WHAT IS CASTELMAGNO?
This mixed milk blue cheese dates back to the 12th century. Back then it was used as a form of payment by farmers to work their land. A spicy, pungent formaggio, this is due in part to its’ washed rind. Castelmagno tends to be mostly cow’s milk with a dash of sheep and / or goat’s milk thrown in (no more then 20%). Depending on the quantities of milk from each breed, Castelmagno ranges from a porcelain white to an orange-ish yellow. A natural rind cheese, raw Piedmontese cow milk (from over 8 different breeds) is exclusively used under its’ traditional product of designated origin status. Though pasteurized milk is also used for non P.D.O. cheeses (aka export). Aged for 2 to 5 months, this is a dense, crumbly blue cheese with lots of flavor.

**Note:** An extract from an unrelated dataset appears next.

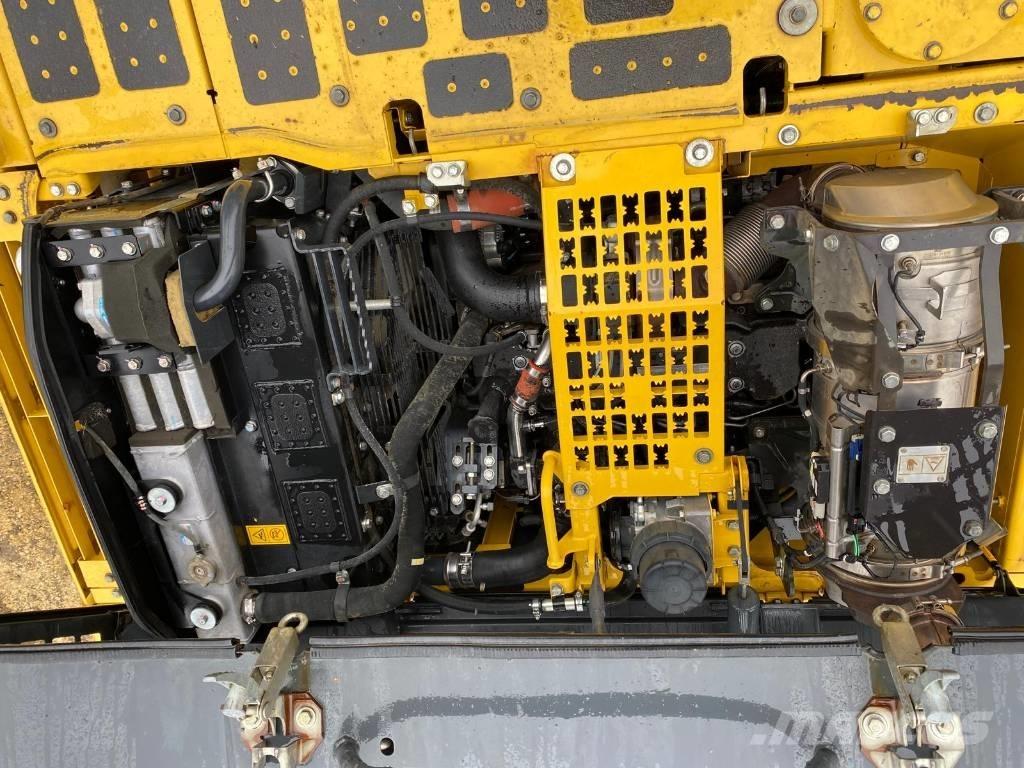 Komatsu PC 240 LC Pika noolega ekskavaatorid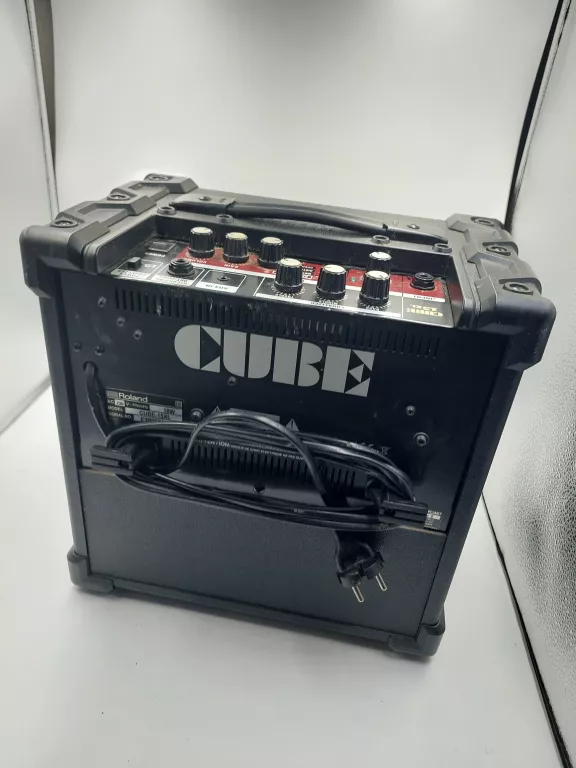 PIECYK GITAROWY ROLAND CUBE 15XL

WHERE IS CASTELMAGNO MADE?
This Piedmontese formaggio is made in the areas of Castelmagno, Pradleves and Monterosso Grana. Piemont is famous for its’ wine, truffles and Nutella factory. Being in the very northwest tip of Italy at the foot of the Alps, Piedmont borders both France and Switzerland. Its’ diverse countryside and proximity to foreign influences has resulted in a rich blend of food, drink and Castelmagno cheese! Cheese made at an elevation of over 1,000 meters (3,280 feet) above sea level also will bear a “Mountain Product” sticker in Italian as well.
WHY DOESN’T MY BLUE CHEESE HAVE ANY BLUE?
Production of this cheese doesn’t require it to be pierced with needles. Blue mold spores are instead introduced into the milk itself. But without enough air, the blue mold sometimes doesn’t take root and spread throughout the cheese creating “veins.” So it isn’t unusual for this Piedmont delicacy to have little or no blue veining.
WHAT CAN I PAIR WITH CASTELMAGNO?
Castelmagno works well as a grating cheese. I’d suggest melting this formaggio over a nice pasta dish instead using it on a cheese tour. If served on a cheese plate, however, I’d suggest pairing Castelmagno with a nice honey or not too sweet fig preserve. In terms of wines, try reds from the same region like Barolo. Though if the cheese is already being paired with a honey this won’t work as well.